How to use robots.txt to block areas on page?
-
Hi,
Across the categories/product pages on out site there are archives/shipping info section and the texts are always the same. Would this be treated as duplicated content and harmful for seo?
How can I alter robots.txt to tell google not to crawl those particular text
Thanks for any advice!
-
Thanks for the info above. I think I'll find out if I can cut the text and try to put popup link.
-
Hi Laura
I have not used lazy loading except with images, however I did some reading around and it might be a solution. There is a large section in Google Webmasters that talks about how to make AJAX readable by a crawler/bot so obviously it is not normally readable (Google Webmaster on AJAX crawling).
The other option is to provide a summary on the product page for shipping info and link to a larger shipping info page (as suggested earlier) and get it to open on a new page/tab.

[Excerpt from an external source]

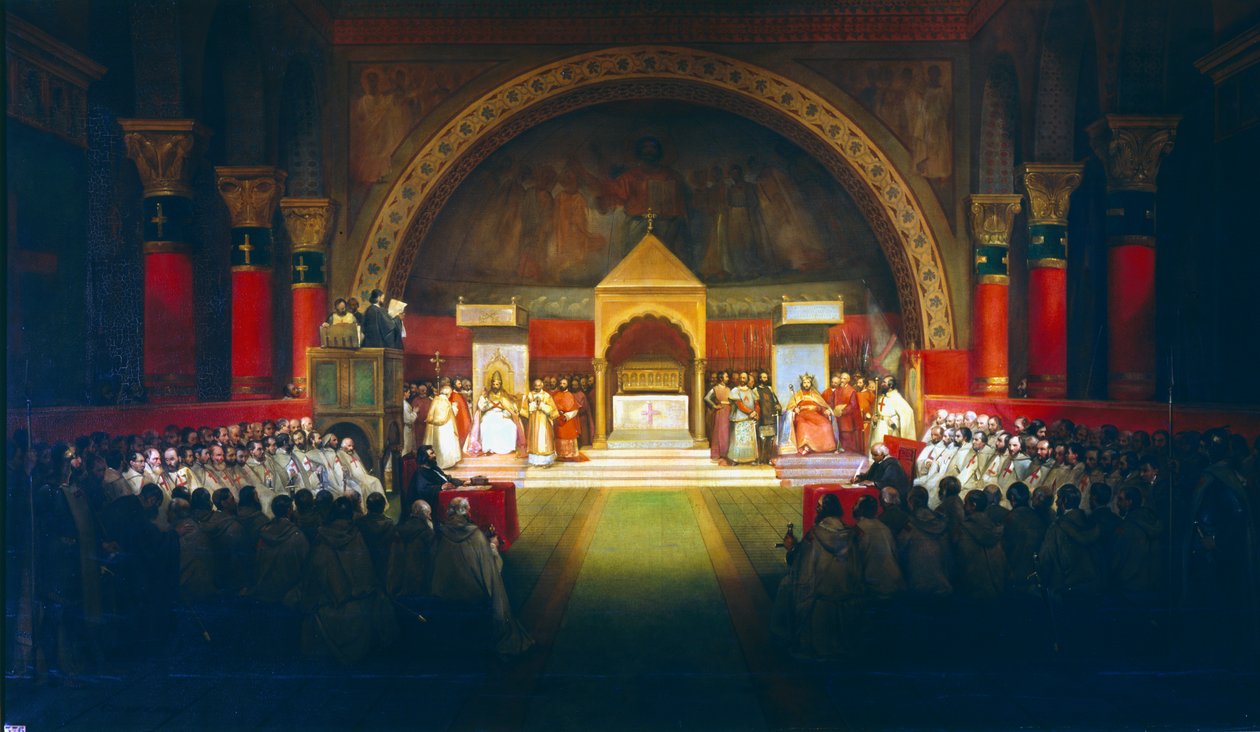 Möte för Tempelriddarkapitlet, Paris, 1147 1800-talet av Francois Marius Granet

At least this keeps the product page open too.
(Note good UX practice recommends you tell the user they will open a new page if they click on the link - this could be as simple as using the anchor text: "More Detailed Shipping Information (opens new page)".
cheers
Neil
-
Here is a tip that I use for my clients and I would recommend. Most CMS / Ecommerce platforms allow for you to put a category description in the page. But, what they do is when the page paginates is they use the same category description and just different products on the page (some use a querystring on the url, others use a shebang, others use other things).

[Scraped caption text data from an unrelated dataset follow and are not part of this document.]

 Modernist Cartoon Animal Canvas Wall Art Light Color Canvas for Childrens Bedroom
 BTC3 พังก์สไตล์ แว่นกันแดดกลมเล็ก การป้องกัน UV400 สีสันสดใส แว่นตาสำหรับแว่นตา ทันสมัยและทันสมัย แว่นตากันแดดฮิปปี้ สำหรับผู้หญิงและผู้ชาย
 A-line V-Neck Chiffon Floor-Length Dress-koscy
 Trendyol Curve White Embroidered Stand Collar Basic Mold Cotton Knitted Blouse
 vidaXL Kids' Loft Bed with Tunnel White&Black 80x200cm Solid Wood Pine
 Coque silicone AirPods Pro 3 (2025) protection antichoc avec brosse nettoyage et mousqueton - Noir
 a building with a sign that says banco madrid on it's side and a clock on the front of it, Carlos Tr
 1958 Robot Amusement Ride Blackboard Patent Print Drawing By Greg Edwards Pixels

What I recommend to my clients to escape any thin content issues is to point the canonical url of all of the paginated pages back to the 1st category page. At the same time I will add a noindex, follow tag to the header of the paginated pages. This is counter to what a lot of people do I think, but the reason I do it is because of thin content. Also you don't want your page 3 results cannibalizing your main category landing page results. Since no CMS that I know of lets you specify different category descriptions for each pagination of a category it seems like the only real choice. It also makes it where you do not really need to add rel=next and rel=previous to the paginated pages too.
-
Thanks, the info above is quite detailed.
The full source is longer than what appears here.